Mi primera vez en la regla fue inolvidable, fue un día lleno de risas, temor, vergüenza y mucho más. Yo lo experimenté a los 13 años, en esa época a parte que me encontraba estudiando, también estaba en otro curso los días domingos, llamado catecismo. Un domingo tuvimos una excursión donde íbamos a realizar un taller al aire libre y compartir momentos con nuestros compañeros.

Ese día en la mañana me comencé a sentir extraña pero no sabía porqué, sin embargo, no le tome mucha importancia. Lista para ir a la excursión fui hacia allí, yo me llevaba súper bien con dos de mis compañeras y siempre pasaba con ellas, en mi curso había un niño que era súper lindo y me llamaba mucho la atención; yo les había comentado esto a mis compañeras y me molestaban con eso, en son de broma.

En ese día todo iba bien, hasta que a mis compañeras se les ocurrió llamar al niño lindo, yo toda nerviosa disimulaba, comenzamos hablar y el niño era chévere muy sociable y amable. Realizamos el taller y comenzamos a comer, hicimos un grupito entre mis amigas y los suyos, todo era momento de risas y momentos bonitos; cuando de repente me comencé a sentir mal me comenzó a doler el vientre, pero lo confundí con un dolor de estómago, en mi mente solo pensé que me había hecho daño la comida.

Seguimos conversando y riéndonos y nos pusieron a hacer una actividad en grupo y nos comenzamos a levantar, de repente, el niño lindo me empuja suavemente y me hace sentar nuevamente y me dice - no te levantes estas manchada, se van a burlar de ti.

Yo toda confundida, no entendía nada y eso que mi mami ya me había explicado que en algún momento iba a tener mi menstruación y que era normal, también que debía hacer muchas cosas, pero en ese momento no se me vino a la mente nada de ese tema; pese a que estaba confundida pensé que me había sentado en algo que me manchó o algo por el estilo, ya éramos casi los últimos y el niño me da su saco y me dice - amárratelo a la cintura.

Yo toda avergonzada, le digo gracias y lo hago, y me dice ve donde la catequista y explícale que pasa para que te ayude, yo le digo que no creía que sea de importancia decirle que me manche con algo, y me dice: no lo que pasa es que estas manchada con algo que parece sangre, tal vez es tu período.
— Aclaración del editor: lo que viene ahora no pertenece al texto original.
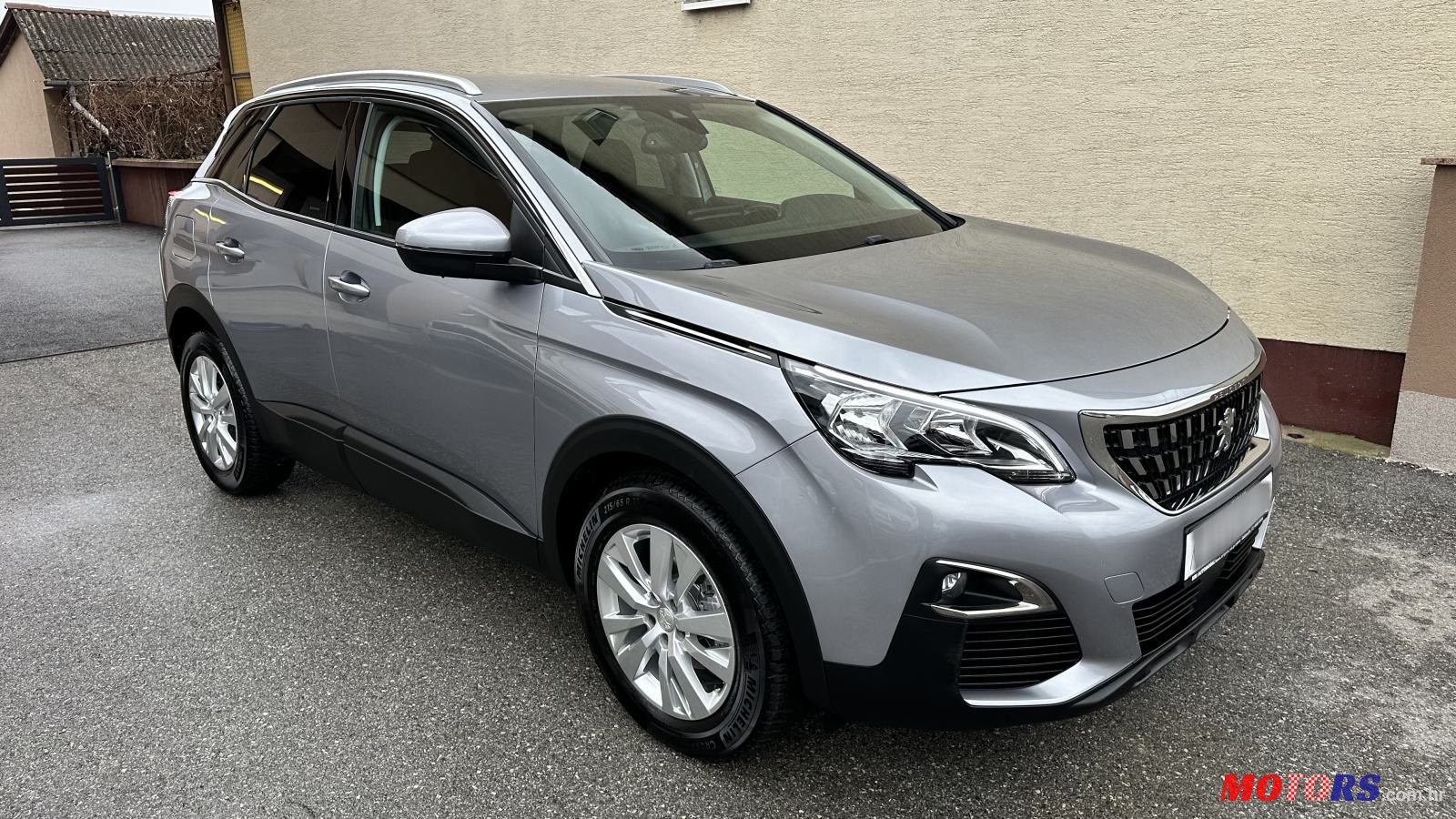 2018' Peugeot 3008 1,5 Bluehdi photo #1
En ese momento mi cara cambió, me puse toda nerviosa, avergonzada y roja, fui donde la catequista y me ayudó, fui a cambiarme pero seguía manchado mi pantalón, ya calmada volví donde mis compañeros, y el niño bonito se acerca y me pregunta - ¿todo ya solucionado? Y le digo que sí y le agradecí por todo.

Él me dijo que era algo normal, que su mamá le hablaba del tema y le explicaba cómo ayudar a una niña en esa situación. Es ahí donde uno piensa que existen muchas personas de mentalidad abierta y que comparten eso con sus hijos, enseñándoles que es algo normal.